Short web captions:
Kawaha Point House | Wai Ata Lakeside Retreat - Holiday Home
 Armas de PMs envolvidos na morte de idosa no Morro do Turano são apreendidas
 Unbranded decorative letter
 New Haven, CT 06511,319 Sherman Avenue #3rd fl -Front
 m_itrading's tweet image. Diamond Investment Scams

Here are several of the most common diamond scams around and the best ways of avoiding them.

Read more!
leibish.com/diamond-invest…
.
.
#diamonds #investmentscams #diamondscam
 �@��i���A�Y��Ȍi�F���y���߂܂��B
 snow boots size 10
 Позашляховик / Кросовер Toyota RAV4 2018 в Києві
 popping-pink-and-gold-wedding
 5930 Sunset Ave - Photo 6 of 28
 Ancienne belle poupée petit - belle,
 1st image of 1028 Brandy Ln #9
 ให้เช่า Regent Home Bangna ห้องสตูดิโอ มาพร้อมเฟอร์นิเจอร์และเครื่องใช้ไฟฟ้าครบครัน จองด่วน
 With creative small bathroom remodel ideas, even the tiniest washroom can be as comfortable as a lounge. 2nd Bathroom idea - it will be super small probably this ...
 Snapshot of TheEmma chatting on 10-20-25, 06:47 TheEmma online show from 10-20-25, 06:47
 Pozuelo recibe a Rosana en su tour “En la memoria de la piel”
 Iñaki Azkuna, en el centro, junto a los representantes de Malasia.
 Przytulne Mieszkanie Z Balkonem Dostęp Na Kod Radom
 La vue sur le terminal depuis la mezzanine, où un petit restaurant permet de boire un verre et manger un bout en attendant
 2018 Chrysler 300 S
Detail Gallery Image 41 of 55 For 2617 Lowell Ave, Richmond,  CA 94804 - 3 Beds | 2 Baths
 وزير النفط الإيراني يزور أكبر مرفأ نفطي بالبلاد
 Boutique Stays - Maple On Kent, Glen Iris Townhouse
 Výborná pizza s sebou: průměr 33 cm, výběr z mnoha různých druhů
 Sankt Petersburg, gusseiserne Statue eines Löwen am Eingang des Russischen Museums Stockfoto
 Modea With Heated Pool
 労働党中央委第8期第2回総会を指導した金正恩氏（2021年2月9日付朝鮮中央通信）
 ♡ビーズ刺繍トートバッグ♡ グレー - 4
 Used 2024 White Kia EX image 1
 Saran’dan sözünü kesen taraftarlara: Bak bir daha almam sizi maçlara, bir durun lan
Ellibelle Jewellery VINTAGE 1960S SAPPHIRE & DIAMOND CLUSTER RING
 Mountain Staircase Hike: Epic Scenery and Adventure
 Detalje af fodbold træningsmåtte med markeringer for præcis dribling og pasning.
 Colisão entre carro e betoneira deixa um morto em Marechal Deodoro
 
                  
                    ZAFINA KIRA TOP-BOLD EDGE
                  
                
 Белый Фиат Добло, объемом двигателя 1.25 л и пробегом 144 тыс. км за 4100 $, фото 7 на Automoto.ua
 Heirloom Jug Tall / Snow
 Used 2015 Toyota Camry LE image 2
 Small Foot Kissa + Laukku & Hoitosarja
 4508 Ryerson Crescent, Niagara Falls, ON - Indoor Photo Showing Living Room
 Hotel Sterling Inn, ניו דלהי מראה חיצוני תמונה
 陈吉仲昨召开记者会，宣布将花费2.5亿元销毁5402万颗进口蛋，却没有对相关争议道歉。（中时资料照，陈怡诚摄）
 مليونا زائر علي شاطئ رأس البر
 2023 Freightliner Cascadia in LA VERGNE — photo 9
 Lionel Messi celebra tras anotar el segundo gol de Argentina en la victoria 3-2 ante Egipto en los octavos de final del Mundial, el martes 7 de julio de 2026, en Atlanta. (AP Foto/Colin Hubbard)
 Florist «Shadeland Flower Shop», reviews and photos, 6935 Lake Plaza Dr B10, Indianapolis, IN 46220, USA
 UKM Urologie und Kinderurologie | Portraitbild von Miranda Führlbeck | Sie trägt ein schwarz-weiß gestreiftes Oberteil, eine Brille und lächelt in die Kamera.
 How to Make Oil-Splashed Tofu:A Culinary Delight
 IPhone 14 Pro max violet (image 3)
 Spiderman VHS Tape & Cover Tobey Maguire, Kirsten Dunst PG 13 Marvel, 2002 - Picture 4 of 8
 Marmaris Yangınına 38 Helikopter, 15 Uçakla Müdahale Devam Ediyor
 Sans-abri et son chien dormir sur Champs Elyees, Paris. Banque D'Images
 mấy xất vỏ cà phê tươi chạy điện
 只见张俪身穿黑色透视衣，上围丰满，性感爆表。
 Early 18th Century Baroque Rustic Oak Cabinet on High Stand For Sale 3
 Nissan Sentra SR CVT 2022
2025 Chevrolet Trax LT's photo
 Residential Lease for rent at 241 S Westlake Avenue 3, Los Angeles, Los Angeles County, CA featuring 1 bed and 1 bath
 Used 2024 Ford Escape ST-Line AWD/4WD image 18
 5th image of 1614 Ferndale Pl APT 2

= Task =
Please filter the data down to the lines containing the word "petit".

= Task solution =
 Ancienne belle poupée petit - belle,
 La vue sur le terminal depuis la mezzanine, où un petit restaurant permet de boire un verre et manger un bout en attendant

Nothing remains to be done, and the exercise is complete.